37. The antigen binding protein-FGF21 fusion of claim 36, wherein the FGF21 component comprises one of (a) SEQ ID NO: 342 or (b) SEQ ID NO: 343.

35. The antigen binding protein-FGF21 fusion of claim 34, further comprising a linker.

(A) the antigen binding component comprises SEQ ID NO: 18 and SEQ ID NO: 29; and (b) the FGF21 component is
(I) SEQ ID NO: 342; and (ii) SEQ ID NO: 343
35. The antigen binding protein-FGF21 fusion of claim 34, comprising one of

The antigen-binding component is (G ₄ S) ₃ , (SEQ ID NO: 336) (G ₄ S) ₆ (SEQ ID NO: 337), (G ₄ S) ₉ (SEQ ID NO: 338), (G ₄ S) ₁₂ (SEQ ID NO: 339) and _(G 4 _{S) 15} _(by linker selected from the group consisting of SEQ ID NO: 340), is connected to the FGF21 component, antigen binding protein -FGF21 fusion of claim 39.

40. The antigen binding protein-FGF21 fusion of claim 39, wherein the FGF21 component is linked to the heavy chain of the antigen binding component.
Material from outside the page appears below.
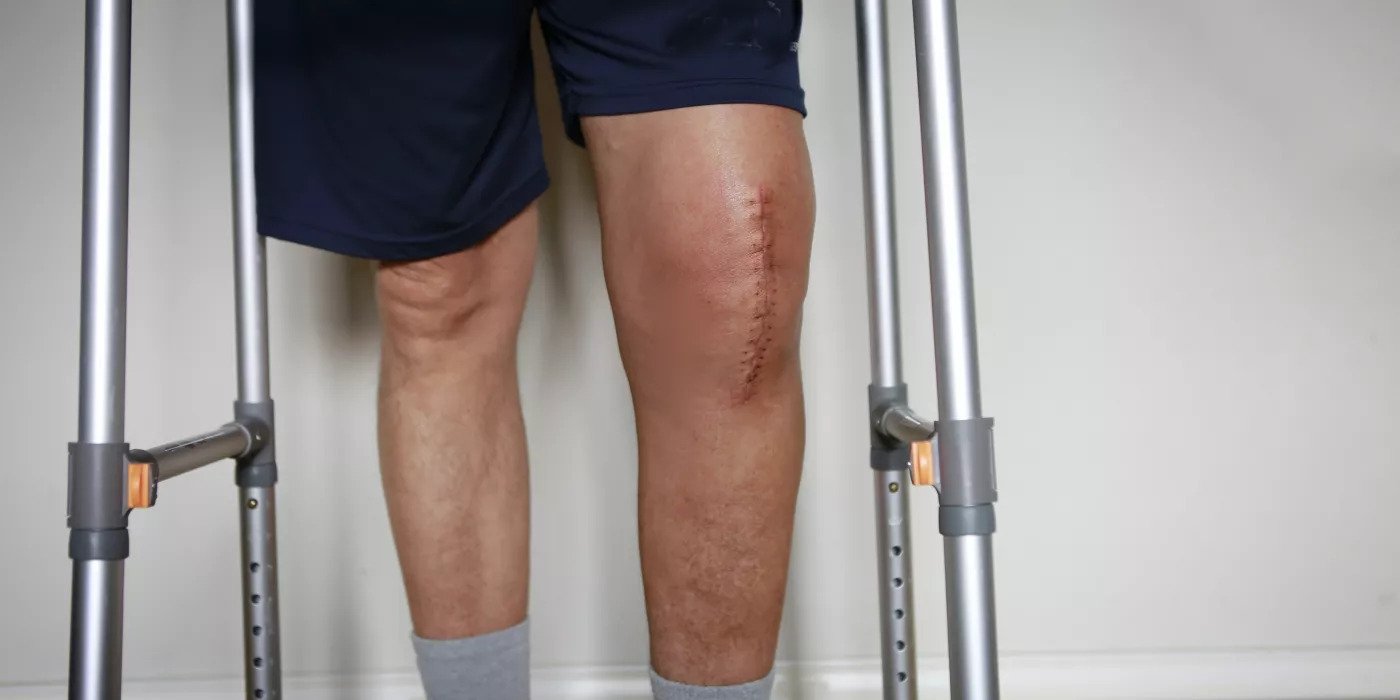 Defective Knee Replacement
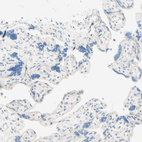 Immunohistochemical staining of human placenta shows no positivity in trophoblastic cells as expected.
42. The antigen binding protein-FGF21 fusion of claim 41, wherein the heavy chain comprises one or more of SEQ ID NOs: 316, 320, 322, 324, 326, 318, 328, 330, 332 and 334.
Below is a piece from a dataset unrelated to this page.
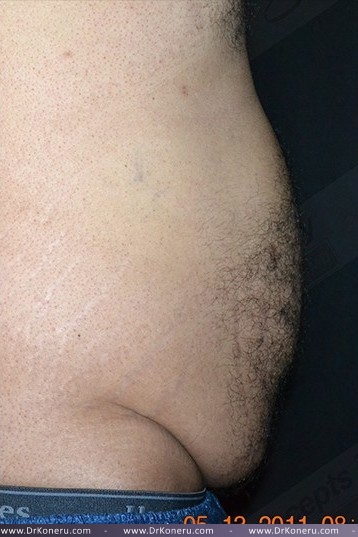 CoolSculpting Before & After Patient #1085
40. The antigen binding protein-FGF21 fusion of claim 39, wherein the FGF21 component is linked to the light chain of the antigen binding component.

When bound to β-Klotho, or β-Klotho and one or more of FGFR1c, FGFR2c, FGFR3c, and FGFR4,
(A) reducing blood glucose in animal models;
(B) reducing serum lipid levels in an animal model; and (c) (a) and (b).
35. An antigen binding protein according to claim 34.
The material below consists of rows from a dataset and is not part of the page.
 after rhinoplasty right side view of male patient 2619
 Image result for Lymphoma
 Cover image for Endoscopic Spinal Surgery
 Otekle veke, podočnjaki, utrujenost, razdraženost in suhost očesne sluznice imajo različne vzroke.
An isolated nucleic acid encoding the light chain, heavy chain, or both of the antigen binding component of claim 34, comprising:
(A) L1-L11 of SEQ ID NOs: 17-27;
(B) H1-H11 of SEQ ID NOs: 28-38; or (c) SEQ ID NOs: 316, 320, 322, 324, 326, 318, 328, 330, 332 or 334
A nucleic acid comprising

An expression vector comprising the nucleic acid according to claim 45.

49. An isolated cell comprising the nucleic acid of claim 46.

48. The isolated cell of claim 47, comprising an expression vector comprising a nucleic acid.

35. A pharmaceutical composition comprising the antigen binding protein-FGF21 fusion of claim 34 and further comprising a pharmaceutically acceptable carrier.

50. The pharmaceutical composition according to claim 49 for preventing or treating a condition in a subject that is treatable by lowering blood glucose.

50. The pharmaceutical composition according to claim 49, wherein the condition is selected from type 2 diabetes, obesity, dyslipidemia, non-alcoholic steatohepatitis, cardiovascular disease, and metabolic syndrome.